WFH satu hari dalam seminggu resmi mulai berlaku sejak 1 April 2026 dan diharapkan menjadi momentum perubahan budaya kerja di Indonesia.
“Kami ingin ini menjadi gerakan bersama secara nasional, dimulai per 1 April,” kata Yassierli.
Evaluasi Dilakukan Dua Bulan
Pemerintah juga memastikan bahwa kebijakan ini akan dievaluasi secara berkala. Proses evaluasi akan dilakukan dalam jangka waktu dua bulan, mencakup sektor swasta, BUMN, hingga BUMD.

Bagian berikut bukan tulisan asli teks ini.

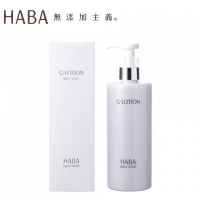 HABA - 日本G露水 (A) 360ml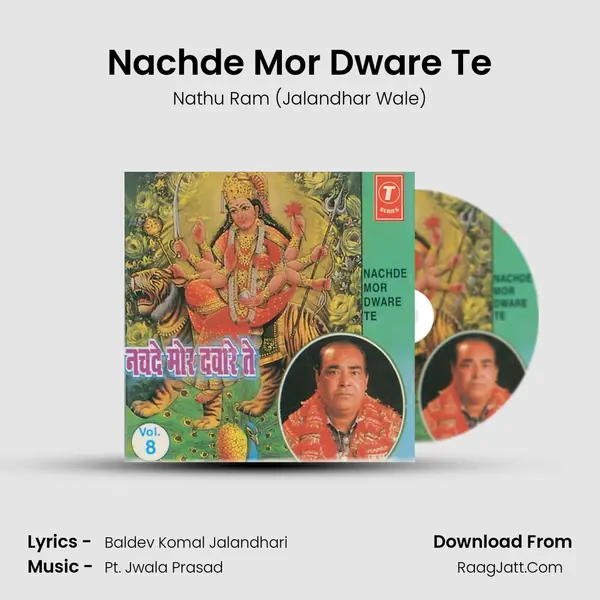 Nachde Mor Dware Te MP3 Song by Nathu Ram (Jalandhar Wale) Cover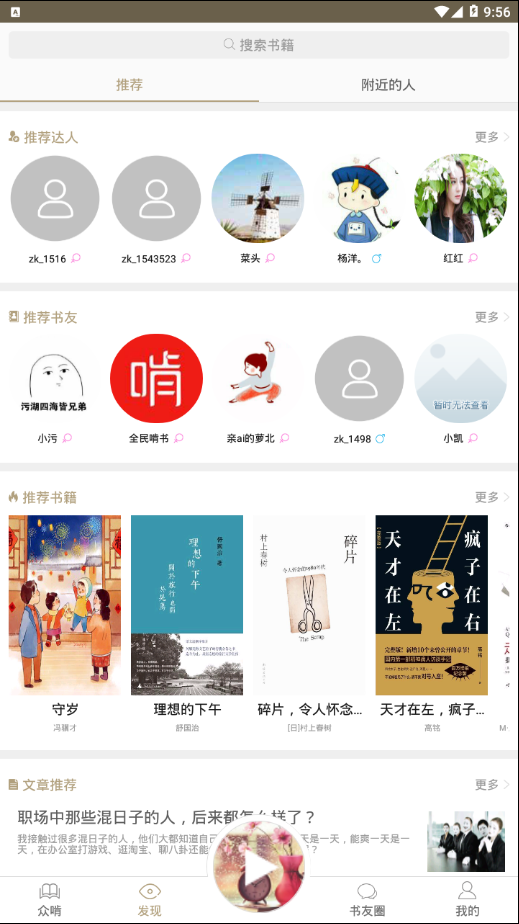 森灿阅读图2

Evaluasi tersebut akan melihat efektivitas pelaksanaan WFH sebagai bagian dari program yang lebih luas, termasuk optimalisasi penggunaan energi di lingkungan kerja.
“Evaluasi akan fokus pada pelaksanaan imbauan WFH secara keseluruhan,” jelasnya singkat.
Hak Pekerja Tetap Wajib Dipenuhi
Dalam implementasinya, perusahaan tetap diwajibkan memenuhi seluruh hak pekerja meskipun bekerja dari rumah. Hal ini ditegaskan dalam Surat Edaran Menteri Ketenagakerjaan RI Nomor M/6/HK.04/III/2026.
Hak-hak tersebut meliputi gaji penuh, cuti tahunan, serta perlindungan ketenagakerjaan lainnya yang tidak boleh dikurangi.
Sektor Tertentu Dikecualikan
Meski berlaku luas, kebijakan WFH ini tidak diterapkan pada sejumlah sektor strategis yang membutuhkan kehadiran fisik pekerja. Beberapa di antaranya meliputi:
- Energi
- Kesehatan
- Infrastruktur
- Pelayanan masyarakat
- Ritel dan perdagangan
- Industri dan produksi
- Transportasi dan logistik
- Keuangan
Sektor-sektor tersebut dinilai memiliki kebutuhan operasional yang tidak memungkinkan untuk penerapan WFH secara optimal.
Dengan fleksibilitas yang diberikan, kebijakan ini diharapkan mampu mendorong keseimbangan antara produktivitas kerja dan efisiensi operasional, sekaligus membuka peluang transformasi budaya kerja di Indonesia menuju era digital yang lebih adaptif.